札幌市南区川沿地区にある[藻南公園]はかつて[おいらん淵]と呼ばれていましたが、昭和24年に現在の名前が付けられました。ここは豊平川の中流でこのあたり一帯は、今から約3万2千年前に支笏火山(現在の支笏湖)から流れてきた軽石流がここで止められたと言われています。その為か川の一方は札幌軟石の断崖が続き雄大な景観を描いています。また、川幅も広く深い淀みが出来激流が渦を巻いています。現在は市民の憩いの場として広く活用されている公園です。
[伝説・おいらん淵]は、豊平川の藻南地区にある[藻南公園]の中に標識が建てられています。この公園は豊平川沿いの中でも特に景観の美しい処です。この一帯は約3万2千年前の支笏火山(現在の支笏湖)から流れてきた軽石流がここで止められたと言われています。藻南公園は札幌扇状地の扇頂(扇状地の始まった部分で、写真で見える岩肌は[第三系の安山岩質だそうです。

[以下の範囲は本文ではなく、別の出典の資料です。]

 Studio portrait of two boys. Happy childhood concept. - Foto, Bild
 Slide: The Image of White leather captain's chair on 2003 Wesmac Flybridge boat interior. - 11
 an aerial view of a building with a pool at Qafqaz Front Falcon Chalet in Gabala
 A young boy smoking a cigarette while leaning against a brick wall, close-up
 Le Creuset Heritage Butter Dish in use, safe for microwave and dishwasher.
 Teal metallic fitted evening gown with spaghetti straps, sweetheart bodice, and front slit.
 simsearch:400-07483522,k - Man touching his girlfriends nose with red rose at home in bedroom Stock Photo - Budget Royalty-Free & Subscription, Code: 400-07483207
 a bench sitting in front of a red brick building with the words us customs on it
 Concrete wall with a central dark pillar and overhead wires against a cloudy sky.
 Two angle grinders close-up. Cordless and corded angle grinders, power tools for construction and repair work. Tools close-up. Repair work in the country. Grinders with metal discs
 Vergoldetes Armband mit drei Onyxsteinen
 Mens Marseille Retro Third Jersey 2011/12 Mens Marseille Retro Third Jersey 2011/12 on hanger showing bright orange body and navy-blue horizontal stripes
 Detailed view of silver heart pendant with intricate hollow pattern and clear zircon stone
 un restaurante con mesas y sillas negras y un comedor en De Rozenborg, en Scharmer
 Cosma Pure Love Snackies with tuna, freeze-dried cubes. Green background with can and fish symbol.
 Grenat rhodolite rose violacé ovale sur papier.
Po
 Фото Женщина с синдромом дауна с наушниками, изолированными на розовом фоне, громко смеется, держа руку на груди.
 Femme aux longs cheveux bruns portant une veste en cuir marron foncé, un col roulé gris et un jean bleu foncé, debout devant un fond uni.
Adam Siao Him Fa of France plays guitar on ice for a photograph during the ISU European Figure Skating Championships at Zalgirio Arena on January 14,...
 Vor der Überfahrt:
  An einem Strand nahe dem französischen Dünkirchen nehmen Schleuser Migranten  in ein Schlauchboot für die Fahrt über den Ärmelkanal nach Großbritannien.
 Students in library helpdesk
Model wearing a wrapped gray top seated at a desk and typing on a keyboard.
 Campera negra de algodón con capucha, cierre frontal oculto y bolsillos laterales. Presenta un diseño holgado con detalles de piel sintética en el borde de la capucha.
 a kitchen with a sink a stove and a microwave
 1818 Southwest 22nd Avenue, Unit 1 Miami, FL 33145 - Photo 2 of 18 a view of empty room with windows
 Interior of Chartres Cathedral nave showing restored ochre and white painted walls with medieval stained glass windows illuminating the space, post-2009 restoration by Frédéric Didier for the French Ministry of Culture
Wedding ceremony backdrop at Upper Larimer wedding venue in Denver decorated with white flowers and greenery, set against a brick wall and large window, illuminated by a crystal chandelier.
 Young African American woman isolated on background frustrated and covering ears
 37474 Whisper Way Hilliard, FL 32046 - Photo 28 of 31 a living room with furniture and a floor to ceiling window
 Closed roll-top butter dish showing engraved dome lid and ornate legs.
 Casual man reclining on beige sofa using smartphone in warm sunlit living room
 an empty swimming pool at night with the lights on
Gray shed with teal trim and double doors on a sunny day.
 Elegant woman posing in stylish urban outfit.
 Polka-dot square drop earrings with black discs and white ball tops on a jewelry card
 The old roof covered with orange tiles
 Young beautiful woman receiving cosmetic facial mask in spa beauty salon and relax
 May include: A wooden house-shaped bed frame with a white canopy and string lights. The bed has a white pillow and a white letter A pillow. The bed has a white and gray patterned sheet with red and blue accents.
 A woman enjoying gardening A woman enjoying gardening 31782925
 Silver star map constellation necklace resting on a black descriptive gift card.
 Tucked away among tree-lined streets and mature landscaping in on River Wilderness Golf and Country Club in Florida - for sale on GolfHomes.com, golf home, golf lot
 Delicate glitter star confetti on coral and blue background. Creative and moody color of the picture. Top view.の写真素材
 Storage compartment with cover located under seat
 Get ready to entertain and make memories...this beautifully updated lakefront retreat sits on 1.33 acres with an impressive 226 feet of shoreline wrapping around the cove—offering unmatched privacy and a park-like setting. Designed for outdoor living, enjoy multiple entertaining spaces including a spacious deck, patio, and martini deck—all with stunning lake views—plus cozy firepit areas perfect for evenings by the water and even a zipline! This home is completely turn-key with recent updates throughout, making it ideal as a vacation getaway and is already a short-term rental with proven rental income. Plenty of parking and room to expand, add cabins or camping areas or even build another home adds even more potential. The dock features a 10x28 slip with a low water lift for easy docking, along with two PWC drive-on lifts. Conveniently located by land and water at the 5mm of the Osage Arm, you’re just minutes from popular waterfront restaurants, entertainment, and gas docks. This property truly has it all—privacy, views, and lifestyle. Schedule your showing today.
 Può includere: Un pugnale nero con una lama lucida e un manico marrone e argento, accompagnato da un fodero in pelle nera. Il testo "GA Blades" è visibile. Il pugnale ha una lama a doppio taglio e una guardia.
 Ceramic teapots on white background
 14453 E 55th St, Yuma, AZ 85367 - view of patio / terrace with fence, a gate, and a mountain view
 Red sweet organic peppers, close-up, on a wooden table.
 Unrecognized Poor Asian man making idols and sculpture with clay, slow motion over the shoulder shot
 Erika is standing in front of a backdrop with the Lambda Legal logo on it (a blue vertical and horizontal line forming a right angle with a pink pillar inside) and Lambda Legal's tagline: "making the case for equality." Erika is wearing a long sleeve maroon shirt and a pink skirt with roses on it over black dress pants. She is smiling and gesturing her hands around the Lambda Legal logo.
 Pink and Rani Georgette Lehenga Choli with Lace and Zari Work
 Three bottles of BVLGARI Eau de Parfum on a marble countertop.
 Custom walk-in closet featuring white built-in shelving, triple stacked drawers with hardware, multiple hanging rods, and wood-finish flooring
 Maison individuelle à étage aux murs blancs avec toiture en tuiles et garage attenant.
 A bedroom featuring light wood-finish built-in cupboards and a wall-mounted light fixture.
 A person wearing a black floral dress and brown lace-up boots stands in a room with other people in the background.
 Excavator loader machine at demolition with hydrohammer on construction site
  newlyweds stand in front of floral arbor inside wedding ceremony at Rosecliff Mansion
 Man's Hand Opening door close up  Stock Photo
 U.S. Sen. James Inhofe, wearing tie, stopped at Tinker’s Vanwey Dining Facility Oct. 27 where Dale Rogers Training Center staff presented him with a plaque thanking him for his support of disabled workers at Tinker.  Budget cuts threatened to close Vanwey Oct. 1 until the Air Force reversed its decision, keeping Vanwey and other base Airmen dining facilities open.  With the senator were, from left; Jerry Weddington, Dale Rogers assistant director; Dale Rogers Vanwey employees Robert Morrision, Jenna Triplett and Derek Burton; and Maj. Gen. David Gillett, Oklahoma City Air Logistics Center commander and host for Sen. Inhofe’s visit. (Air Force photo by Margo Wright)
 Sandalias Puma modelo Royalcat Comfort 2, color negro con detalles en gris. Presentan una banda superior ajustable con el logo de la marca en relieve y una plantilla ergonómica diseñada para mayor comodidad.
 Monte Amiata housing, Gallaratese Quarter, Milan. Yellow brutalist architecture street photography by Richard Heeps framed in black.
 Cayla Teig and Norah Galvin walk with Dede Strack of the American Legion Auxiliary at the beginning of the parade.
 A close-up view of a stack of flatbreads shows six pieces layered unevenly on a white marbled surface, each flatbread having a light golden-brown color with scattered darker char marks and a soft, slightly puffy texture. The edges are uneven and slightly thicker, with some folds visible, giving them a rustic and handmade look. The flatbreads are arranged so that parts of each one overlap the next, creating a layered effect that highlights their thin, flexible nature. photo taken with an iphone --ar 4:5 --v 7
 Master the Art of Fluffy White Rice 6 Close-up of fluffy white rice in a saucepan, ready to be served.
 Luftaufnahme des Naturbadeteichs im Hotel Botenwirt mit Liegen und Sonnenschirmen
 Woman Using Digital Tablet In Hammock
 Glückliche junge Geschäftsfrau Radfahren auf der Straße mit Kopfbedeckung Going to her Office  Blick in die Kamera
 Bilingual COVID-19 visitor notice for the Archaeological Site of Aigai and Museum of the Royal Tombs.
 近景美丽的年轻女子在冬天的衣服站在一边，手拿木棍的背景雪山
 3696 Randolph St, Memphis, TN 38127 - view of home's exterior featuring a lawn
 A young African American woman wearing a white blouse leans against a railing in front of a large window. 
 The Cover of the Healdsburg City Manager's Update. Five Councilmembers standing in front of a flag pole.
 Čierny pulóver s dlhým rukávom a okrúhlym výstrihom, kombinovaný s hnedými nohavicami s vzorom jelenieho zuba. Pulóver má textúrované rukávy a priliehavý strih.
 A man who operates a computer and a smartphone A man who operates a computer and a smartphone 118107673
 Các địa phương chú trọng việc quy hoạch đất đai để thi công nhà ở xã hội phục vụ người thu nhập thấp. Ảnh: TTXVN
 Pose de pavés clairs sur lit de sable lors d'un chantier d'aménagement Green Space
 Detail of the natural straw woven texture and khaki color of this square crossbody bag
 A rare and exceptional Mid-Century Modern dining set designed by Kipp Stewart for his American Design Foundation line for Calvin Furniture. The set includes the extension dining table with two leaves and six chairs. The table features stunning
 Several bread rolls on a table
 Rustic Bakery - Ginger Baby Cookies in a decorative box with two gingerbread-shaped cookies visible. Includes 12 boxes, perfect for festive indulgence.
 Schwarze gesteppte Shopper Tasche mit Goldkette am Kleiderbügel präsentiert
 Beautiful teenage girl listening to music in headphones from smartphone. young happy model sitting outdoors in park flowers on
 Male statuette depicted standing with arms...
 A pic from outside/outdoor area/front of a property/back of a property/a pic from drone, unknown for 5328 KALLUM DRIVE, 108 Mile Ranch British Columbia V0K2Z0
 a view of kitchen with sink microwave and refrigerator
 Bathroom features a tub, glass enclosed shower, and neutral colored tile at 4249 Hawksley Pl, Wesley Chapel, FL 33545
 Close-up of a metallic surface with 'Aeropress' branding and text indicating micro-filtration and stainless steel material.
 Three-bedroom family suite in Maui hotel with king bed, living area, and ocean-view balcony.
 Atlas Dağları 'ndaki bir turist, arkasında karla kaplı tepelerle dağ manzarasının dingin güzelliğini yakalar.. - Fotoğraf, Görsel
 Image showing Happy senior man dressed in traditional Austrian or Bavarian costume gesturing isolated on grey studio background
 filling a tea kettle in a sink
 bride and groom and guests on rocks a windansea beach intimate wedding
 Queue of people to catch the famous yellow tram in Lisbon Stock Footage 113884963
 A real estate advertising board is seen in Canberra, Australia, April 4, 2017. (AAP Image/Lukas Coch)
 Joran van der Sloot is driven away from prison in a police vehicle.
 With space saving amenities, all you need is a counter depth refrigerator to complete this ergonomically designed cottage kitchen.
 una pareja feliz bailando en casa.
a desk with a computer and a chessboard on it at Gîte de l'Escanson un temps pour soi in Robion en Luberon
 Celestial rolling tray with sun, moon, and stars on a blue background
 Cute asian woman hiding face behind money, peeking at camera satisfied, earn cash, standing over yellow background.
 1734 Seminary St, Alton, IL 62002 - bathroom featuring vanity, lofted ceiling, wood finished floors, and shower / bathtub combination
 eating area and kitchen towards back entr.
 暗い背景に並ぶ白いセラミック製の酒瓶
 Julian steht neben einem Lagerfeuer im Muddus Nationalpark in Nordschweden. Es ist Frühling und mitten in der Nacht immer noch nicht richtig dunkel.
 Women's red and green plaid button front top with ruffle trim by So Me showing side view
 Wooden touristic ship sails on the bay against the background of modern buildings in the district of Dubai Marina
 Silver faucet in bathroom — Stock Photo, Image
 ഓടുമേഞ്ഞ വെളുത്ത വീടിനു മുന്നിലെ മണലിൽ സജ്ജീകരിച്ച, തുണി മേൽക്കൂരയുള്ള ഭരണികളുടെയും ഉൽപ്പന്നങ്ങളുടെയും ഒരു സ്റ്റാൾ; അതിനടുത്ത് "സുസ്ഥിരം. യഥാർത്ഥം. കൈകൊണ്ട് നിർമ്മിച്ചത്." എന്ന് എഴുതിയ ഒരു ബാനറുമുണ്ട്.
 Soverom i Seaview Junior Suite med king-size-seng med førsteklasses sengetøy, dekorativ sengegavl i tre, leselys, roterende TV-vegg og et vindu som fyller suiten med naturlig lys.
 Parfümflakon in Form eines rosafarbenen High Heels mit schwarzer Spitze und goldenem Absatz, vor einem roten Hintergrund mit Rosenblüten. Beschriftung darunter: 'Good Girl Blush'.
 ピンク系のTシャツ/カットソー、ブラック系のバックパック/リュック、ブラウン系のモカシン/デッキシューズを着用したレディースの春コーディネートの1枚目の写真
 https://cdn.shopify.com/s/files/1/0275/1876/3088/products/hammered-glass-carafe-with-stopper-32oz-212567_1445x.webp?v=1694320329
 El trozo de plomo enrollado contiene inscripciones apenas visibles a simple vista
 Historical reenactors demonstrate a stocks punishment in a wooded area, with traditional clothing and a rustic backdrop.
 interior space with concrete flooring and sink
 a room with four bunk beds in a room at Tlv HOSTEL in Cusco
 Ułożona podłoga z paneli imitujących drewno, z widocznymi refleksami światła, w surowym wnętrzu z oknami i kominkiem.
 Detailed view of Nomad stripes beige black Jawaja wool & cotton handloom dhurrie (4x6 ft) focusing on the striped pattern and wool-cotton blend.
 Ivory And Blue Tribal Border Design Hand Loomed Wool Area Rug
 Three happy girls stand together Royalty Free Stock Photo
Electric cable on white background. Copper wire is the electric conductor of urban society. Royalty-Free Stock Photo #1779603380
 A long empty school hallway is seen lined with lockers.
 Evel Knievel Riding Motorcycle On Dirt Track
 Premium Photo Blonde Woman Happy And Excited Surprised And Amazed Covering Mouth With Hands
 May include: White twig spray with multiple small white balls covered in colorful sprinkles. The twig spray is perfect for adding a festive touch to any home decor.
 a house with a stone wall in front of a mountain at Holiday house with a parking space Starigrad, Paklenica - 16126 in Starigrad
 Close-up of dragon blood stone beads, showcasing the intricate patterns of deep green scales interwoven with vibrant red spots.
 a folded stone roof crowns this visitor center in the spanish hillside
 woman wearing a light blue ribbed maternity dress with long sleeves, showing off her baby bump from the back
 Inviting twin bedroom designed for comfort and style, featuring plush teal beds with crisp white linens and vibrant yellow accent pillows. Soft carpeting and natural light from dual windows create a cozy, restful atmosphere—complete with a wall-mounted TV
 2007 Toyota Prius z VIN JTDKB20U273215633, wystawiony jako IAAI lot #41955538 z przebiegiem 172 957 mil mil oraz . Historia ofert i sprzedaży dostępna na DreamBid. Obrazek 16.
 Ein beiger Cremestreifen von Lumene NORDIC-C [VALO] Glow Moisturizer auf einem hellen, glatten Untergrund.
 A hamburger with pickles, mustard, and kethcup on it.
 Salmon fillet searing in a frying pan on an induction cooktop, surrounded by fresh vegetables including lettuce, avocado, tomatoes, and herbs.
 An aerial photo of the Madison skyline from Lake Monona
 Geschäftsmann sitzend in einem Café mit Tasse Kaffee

藻南橋を渡って公園に入ると程なく左図の様な案内板があります。 この公園は昭和24年に造園され今の名前が付けられましたが、以前は[おいらん渕]として知られていた場所です。この名前の由来について案内板には次の様に書かれています(要旨)[右手花壇広場の崖下河原に佇立している岩の付近をおいらんふちと言う。この渕、豊平川の流れの中でも最も深く、又渦も清らかなよどみであった。明治の末期吉原より身請けされてきたおいらんが話と違う余りの寂しさに世をはかなみ着飾って身を投じ、短く哀しい一生を終えたという話からおいらん渕と言われるようになった(中略) この渕の断崖絶壁を眺めているとその昔おいらんと言う不幸な運命を背負った女性が身を投じたという話に実感がこもってくる] ★ この名前の由来については別の説も有るようです。

[薄野遊郭]

[すすきの(薄野)]の歴史は明治2年開拓使がおかれ札幌本府の建設が始まった時期に遡ります。
開拓使による札幌本府建設前まで定住者わずか 13 人だった札幌は、本府の建設作業に携わる労務者約1万人が集まり、俄かに活気を見せていましたが、彼らのほとんどは、一稼ぎし終えると本州に戻る傾向が強いため時の開拓使判官・岩村通俊は労務者対策として官営の遊郭設置に動き始めたものです。1871年(明治4年)、市街地建設に集まった数千人の職工や作業員の足止め策として、南4条から南5条の西3丁目-4丁目の二町四方に官許の[薄野遊郭]を設置しました。当時の記録によると散在していた女郎屋 7 軒を、現在の南4条〜5条、西3丁目〜4丁目の2町四方4ブロックに集め、周囲には高さ 4 尺の壁を巡らせ、出入りの大門も設置した大規模な「薄野遊郭」だったようです。記録によると最盛期の明治40年頃には遊郭が32軒、遊女は372ほどいたと書かれています。下の写真は有名をはせた[高砂楼(左図)][南里の西花楼(右図)]です。所蔵札幌市公文書館


豊川稲荷には[薄野娼妓並びに水子哀悼碑]が建立されています。

[すすきのまつり]の呼びものの一つ[花魁道中]の一コマです(T・Yamazakiさんからお借りしました)。